Des divers arguments avancés, la comparaison de «L’Enéide» avec les films d’action n’est pas le plus persuasif - ce genre passe à juste titre pour un des plus rébarbatifs ; les films d'action ne font qu'assouvir le besoin de mouvement des employés de bureau ou des plantons astreints à la passivité pour gagner leur vie.
L'argumentaire esthétique est, de surcroît, plutôt confus :
«Si le lecteur aime la musique classique ou la peinture italienne, il aimera l’Enéide.», écrit-il, tout en rapprochant Virgile du «moderne Baudelaire».
Classique et moderne, en somme Virgile a de quoi satisfaire un maximum de clients.
P. Veyne ne cache pas que le long poème religieux et patriotique de Virgile résulte de l’effort du poète latin pour éclipser Homère ou lui succéder. Au lieu d'un plaidoyer "pro domo" ou d'un article publicitaire en guise de préface, le lecteur aurait aimé que Paul Veyne, "spécialiste de la culture antique gréco-romaine", lui dise si la copie de Virgile vaut mieux que l'original d'Homère - car la vie du lecteur est courte et la culture un vrai labyrinthe où l'on peut perdre beaucoup de temps.
A cette réclame pour Virgile, P. Veyne ajoute un questionnement assez vain : - Les Romains étaient-ils, oui ou non, athées ? Prenaient-ils les mythes, toute cette poésie religieuse, au sérieux ? Ici le questionnement universitaire est cousu de fil blanc : P. Veyne ne fait rien d'autre que tenter de jeter un pont entre l'Antiquité romaine et la bourgeoisie rationaliste à laquelle il appartient, qui croit que deux et deux sont quatre, et rien d'autre. Cette démarche n'est pas plus sérieuse que celle de Mussolini.
Si Platon était athée, se serait-il autant employé à dénigrer Homère et sa mythologie, selon lui impie ?
Quelques extraits du bruit et de l'humeur des anciens super-héros, traduits par P. Veyne :
«Quel dieu pourrait, à ce point, me faire connaître tant d’atrocités ? Lequel pourrait dire en vers les carnages dans les deux camps opposés, la mise à mort des capitaines à laquelle procèdent, tour à tour, dans toute l’étendue de la plaine, tantôt Turnus et tantôt le héros troyen ? Ce fut donc ton bon plaisir, Jupiter, qu’un si large mouvement jette l’un contre l’autre des peuples destinés à vivre un jour une paix éternelle ?

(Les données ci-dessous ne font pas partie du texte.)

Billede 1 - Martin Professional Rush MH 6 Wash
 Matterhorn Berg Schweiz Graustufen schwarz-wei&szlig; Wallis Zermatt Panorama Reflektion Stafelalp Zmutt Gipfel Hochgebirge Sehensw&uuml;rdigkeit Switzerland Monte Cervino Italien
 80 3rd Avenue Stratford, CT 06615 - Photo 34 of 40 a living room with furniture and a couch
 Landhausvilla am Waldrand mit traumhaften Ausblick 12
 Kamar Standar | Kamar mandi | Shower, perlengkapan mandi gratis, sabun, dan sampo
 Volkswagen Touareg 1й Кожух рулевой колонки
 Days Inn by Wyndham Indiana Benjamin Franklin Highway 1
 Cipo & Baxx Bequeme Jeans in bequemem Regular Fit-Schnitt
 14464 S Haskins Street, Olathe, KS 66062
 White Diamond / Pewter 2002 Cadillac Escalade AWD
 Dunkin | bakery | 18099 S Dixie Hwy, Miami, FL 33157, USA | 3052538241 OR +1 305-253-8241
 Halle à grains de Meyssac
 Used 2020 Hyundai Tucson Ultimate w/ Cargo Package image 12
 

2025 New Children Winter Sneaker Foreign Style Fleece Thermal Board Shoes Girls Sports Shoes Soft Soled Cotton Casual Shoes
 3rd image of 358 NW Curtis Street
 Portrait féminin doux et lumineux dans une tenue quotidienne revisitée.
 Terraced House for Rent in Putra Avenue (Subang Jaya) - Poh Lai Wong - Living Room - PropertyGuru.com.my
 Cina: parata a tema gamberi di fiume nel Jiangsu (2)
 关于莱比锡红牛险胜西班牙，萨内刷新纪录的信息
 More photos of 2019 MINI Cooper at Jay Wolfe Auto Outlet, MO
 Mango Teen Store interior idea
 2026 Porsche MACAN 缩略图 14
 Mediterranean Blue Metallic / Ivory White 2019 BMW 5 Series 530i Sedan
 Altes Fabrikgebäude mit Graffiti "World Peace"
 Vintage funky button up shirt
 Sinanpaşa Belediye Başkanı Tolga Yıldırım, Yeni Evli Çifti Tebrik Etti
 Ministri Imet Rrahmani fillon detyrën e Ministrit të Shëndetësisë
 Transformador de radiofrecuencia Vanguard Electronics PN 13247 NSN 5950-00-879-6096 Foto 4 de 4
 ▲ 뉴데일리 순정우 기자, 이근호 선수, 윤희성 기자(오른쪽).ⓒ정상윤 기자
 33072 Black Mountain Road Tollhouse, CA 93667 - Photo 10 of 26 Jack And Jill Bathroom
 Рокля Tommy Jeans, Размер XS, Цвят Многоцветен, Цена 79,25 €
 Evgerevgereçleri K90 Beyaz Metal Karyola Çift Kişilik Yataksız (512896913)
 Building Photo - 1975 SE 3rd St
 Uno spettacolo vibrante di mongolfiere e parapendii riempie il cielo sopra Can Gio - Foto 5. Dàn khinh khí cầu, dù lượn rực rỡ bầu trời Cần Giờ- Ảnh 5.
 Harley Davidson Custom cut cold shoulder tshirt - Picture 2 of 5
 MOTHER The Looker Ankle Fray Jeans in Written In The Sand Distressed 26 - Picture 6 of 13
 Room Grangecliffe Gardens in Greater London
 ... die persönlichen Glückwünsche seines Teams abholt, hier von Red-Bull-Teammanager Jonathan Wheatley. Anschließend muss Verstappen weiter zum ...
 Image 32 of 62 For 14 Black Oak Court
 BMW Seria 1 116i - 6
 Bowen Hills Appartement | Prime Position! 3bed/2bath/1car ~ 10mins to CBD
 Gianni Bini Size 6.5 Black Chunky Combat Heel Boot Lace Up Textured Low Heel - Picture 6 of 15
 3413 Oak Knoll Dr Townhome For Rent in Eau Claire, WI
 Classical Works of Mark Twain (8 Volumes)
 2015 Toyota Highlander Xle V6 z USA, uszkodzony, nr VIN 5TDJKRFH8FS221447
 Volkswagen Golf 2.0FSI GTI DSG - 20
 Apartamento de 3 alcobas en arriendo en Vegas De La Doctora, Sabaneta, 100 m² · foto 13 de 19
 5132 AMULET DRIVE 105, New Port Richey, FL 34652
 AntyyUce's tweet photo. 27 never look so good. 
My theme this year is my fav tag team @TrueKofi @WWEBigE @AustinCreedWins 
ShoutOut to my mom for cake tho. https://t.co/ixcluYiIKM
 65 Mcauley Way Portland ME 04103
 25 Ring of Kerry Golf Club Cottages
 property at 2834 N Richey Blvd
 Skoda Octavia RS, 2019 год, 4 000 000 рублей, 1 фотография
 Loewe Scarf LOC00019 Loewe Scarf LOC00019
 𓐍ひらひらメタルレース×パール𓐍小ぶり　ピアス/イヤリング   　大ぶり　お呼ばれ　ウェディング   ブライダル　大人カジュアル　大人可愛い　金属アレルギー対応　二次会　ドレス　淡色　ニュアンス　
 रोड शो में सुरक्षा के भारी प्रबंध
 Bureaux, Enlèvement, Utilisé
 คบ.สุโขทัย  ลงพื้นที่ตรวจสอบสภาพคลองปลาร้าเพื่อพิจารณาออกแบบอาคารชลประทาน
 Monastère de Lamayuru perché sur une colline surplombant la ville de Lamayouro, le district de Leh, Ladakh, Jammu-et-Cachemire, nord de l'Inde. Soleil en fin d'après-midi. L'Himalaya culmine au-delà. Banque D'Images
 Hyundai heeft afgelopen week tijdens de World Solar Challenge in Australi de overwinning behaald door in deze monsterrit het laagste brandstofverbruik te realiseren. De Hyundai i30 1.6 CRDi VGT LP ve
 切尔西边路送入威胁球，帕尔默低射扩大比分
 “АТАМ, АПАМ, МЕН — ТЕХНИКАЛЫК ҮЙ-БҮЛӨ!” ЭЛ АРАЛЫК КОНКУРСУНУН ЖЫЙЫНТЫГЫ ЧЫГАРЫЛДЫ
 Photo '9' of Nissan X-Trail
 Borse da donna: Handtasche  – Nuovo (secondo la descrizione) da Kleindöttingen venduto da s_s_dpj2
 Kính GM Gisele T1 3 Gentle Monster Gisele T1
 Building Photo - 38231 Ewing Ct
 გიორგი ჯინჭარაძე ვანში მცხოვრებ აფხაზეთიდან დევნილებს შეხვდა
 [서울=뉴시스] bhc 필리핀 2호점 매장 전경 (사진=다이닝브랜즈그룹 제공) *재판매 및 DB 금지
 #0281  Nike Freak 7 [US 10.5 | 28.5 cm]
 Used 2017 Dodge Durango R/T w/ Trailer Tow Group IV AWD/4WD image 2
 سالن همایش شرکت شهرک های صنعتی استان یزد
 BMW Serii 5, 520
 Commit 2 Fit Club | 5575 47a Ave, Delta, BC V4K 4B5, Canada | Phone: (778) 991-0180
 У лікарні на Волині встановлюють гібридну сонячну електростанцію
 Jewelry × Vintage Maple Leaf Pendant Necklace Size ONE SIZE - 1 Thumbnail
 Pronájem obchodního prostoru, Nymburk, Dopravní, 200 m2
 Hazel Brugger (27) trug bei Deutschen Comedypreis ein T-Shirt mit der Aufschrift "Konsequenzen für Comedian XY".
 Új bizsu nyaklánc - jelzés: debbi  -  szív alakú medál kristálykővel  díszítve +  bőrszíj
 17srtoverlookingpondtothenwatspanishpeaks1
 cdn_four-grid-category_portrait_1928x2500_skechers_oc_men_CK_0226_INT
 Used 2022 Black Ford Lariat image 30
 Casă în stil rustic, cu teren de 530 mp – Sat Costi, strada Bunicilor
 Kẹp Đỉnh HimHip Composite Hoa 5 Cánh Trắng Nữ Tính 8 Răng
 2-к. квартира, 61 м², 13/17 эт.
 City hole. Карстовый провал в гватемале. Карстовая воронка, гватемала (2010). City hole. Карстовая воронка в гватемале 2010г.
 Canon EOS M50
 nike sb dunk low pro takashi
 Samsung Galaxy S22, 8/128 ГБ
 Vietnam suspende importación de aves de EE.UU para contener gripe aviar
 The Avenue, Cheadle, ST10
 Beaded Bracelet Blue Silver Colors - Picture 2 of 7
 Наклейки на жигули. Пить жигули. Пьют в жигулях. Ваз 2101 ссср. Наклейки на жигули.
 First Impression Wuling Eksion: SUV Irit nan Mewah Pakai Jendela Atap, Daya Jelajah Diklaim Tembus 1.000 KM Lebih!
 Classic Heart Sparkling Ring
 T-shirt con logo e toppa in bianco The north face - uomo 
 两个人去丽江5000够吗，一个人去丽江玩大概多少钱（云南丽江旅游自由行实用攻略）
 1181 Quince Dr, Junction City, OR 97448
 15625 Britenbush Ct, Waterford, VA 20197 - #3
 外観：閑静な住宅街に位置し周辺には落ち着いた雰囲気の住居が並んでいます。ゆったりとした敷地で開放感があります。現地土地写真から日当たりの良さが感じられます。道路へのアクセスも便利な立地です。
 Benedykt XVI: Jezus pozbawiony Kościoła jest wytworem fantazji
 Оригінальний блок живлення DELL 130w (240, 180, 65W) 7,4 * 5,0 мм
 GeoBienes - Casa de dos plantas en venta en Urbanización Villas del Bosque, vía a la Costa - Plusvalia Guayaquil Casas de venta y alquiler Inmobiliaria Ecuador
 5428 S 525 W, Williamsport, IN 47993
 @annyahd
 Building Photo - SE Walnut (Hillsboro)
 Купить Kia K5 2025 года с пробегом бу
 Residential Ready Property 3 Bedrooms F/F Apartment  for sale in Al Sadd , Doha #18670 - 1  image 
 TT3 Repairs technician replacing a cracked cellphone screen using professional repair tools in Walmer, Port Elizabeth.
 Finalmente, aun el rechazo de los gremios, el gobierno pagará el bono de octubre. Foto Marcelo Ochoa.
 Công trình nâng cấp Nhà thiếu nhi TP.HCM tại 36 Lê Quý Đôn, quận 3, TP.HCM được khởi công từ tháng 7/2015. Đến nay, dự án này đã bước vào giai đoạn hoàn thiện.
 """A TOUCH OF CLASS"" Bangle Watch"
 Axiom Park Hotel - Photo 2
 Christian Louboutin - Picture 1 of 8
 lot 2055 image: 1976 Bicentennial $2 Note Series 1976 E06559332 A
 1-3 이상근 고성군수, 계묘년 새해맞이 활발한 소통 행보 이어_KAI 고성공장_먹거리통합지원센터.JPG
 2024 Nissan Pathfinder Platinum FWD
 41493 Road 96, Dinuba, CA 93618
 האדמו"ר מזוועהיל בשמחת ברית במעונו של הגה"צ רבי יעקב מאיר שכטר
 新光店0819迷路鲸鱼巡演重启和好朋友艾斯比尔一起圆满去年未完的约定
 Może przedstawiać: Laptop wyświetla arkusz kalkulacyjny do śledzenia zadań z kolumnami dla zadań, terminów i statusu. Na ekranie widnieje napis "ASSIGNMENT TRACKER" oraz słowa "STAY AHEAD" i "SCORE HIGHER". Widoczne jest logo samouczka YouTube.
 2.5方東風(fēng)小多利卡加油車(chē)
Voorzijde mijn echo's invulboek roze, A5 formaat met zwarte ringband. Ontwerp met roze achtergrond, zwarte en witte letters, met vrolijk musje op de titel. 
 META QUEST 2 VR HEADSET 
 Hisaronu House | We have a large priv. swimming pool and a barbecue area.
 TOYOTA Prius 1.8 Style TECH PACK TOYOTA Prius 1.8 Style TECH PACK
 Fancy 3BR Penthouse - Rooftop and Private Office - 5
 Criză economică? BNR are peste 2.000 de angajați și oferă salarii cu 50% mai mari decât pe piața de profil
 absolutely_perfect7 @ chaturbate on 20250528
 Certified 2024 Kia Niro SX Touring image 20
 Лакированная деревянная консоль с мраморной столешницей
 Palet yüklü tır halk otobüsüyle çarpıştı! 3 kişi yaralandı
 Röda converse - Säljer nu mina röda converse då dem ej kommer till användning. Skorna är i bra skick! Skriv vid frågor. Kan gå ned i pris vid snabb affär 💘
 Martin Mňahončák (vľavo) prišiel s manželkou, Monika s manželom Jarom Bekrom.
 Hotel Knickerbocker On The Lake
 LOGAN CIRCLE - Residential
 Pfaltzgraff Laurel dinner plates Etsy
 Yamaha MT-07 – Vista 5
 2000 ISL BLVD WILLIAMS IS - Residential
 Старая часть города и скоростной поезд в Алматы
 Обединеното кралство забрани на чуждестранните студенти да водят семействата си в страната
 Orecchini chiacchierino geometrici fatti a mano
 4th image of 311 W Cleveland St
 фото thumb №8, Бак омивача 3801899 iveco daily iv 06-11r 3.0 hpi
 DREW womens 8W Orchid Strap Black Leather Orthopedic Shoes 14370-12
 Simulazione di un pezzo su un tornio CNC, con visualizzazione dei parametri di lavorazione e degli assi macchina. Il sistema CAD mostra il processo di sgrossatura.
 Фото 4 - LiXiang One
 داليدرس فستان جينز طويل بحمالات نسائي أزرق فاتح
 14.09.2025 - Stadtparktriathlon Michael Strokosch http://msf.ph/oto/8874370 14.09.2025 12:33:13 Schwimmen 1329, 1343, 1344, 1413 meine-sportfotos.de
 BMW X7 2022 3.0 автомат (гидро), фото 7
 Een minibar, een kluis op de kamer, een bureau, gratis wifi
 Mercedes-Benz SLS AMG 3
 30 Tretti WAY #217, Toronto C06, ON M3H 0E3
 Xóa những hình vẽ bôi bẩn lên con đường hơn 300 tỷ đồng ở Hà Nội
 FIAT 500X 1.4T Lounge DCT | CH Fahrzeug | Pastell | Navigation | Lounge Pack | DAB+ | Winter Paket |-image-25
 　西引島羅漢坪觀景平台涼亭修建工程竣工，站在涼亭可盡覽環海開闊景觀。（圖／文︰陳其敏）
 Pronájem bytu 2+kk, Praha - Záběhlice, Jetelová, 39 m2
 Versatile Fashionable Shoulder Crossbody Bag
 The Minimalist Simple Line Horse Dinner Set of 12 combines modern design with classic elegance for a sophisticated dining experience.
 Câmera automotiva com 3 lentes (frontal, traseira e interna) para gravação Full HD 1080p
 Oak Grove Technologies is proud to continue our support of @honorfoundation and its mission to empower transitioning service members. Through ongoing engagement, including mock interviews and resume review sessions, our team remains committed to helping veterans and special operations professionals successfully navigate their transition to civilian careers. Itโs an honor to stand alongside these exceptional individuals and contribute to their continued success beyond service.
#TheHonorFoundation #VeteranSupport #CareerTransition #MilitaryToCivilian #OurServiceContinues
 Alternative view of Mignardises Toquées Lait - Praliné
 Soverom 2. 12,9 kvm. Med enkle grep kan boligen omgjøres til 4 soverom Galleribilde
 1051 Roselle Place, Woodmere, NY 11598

Enée cueille d’un coup dans le flanc le Rutule Sucro ; ce premier combat a stoppé l’offensive troyenne, mais Sucro ne retarde pas longtemps Enée qui, de sa cruelle épée, lui transperce les côtés et la cage de la poitrine, par où le destin est le plus rapide. Turnus, lui, a mis pied à terre et aborde Amycus, jeté bas par son cheval, et son frère Diorès, qu’il frappe de sa longue lance pendant qu’il venait sur lui ; il frappe l’autre de son épée, accroche à son char les deux têtes coupées et les emporte, ruisselantes de sang. Enée envoie à la mort talos, Tanaïs et le vaillant Céthégus, tous trois dans une même rencontre, et avec eux Onitès au visage peu avenant, fils d’Echion et qui avait pour mère Péridia.»
Enéide, Chant XII.
L’Enéide, de Virgile (trad. et préface de Paul Veyne), Albin Michel, les Belles Lettres, 2012.